В нем он и сон нам даровал, забвенье
Дневных забот, — иного же не найти
Им исцеленья…
Что ж, думали они, может быть, этот раздражительный старый поэт, мизантроп и, как говорят, богохульник, примирился в конце своих дней с всемогущими богами, по крайней мере с Дионисом… Может быть, сами бессмертные боги даровали ему свою последнюю, самую великую милость — смирение, и он наконец признал как незыблемые и вечные те самые законы человеческой жизни, те изначальные ее устои, против которых бунтовал всю свою долгую жизнь, доискиваясь до смысла бытия, который, в сущности, и не надо искать, а надо в него лишь верить:
Веры не надо нам
Лучше отцовской;
Легким усилием признаешь ты
Мощным того, кого богом зовем мы,
Вечными, духу врожденными, — истины,
В кои так долго уж веруют люди…
Трудно сказать, были ли восхищены афинские зрители отточенным мастерством этих последних трагедий или же их снедало осознание своей былой несправедливости по отношению к Еврипиду, но как бы там ни было, трилогия получила первую премию, ту самую вожделенную награду, которой поэту удавалось достигнуть лишь несколько раз на протяжении длинного полувека. Так как царь Архелай отказался выдать тело поэта для погребения в Афинах, сограждане ограничились тем, что поставили в честь его по дороге в Пирей кенотаф со следующей эпитафией, сочиненной будто бы то ли историком Фукидидом, то ли музыкантом Тимофеем: «Могилой Еврипида служит вся Греция, тело же его находится в Македонии, где ему суждено было окончить свою жизнь. Отечество его — Афины и вся Эллада. Он пользовался любовью Муз и тем приобрел себе хвалу от всех».
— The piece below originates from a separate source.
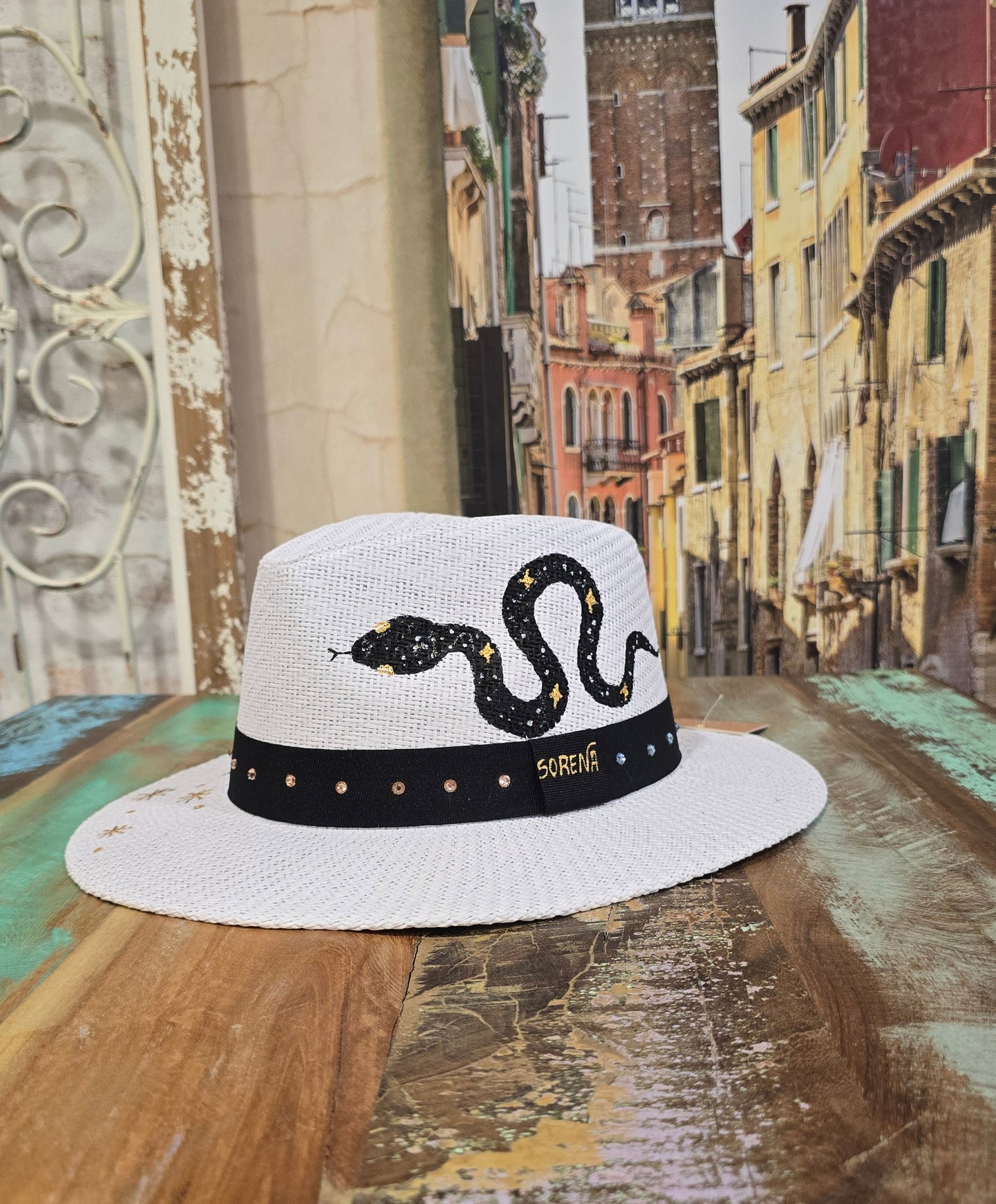 sorena hat snake1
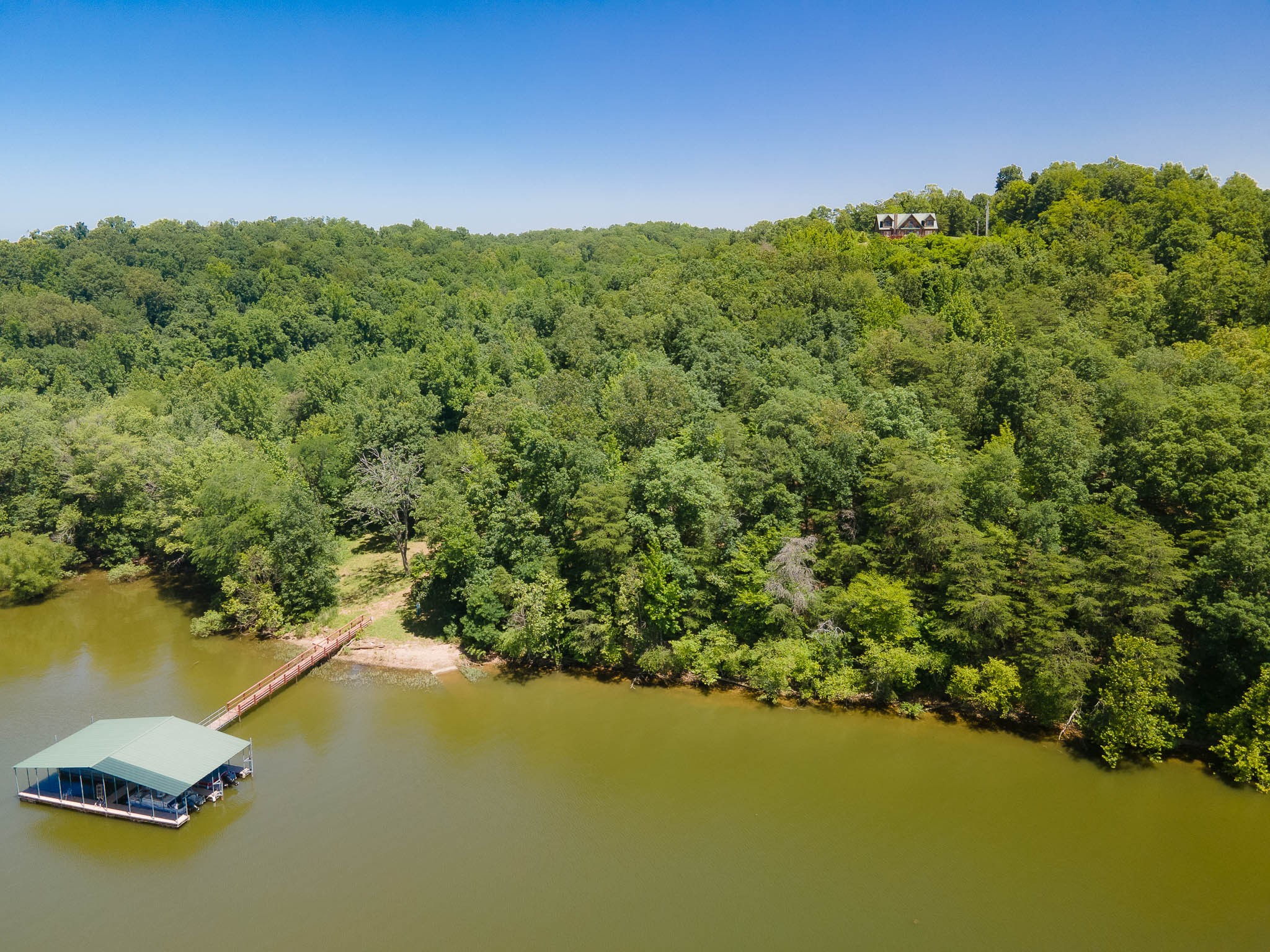 a view of a lake from a yard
Но вот минул год, и афинский народ, который совсем еще недавно восхищался и плакал, внимая хорам «Вакханок», этот же самый народ от души хохотал и веселился на представлении «Лягушек» Аристофана, где неуемный защитник дедовской старины и за гробом продолжал сводить счеты со столь раздражавшим его при жизни сыном Мнесарха. Словно вызванные из небытия, в ярком утреннем свете сошлись на просцениуме театра Диониса бессмертные тени тех, кто отпел свое и отвоевал, обретя наконец последний покой в иных каких-то пределах. Дерзкий насмешник Аристофан вел за собой зрителей прямо в Тартар, где якобы продолжали утверждать свою правоту, свое понимание миропорядка Эсхил, Еврипид, Клеон, и снова каждому воздавал по заслугам, как он эти заслуги понимал и оценивал.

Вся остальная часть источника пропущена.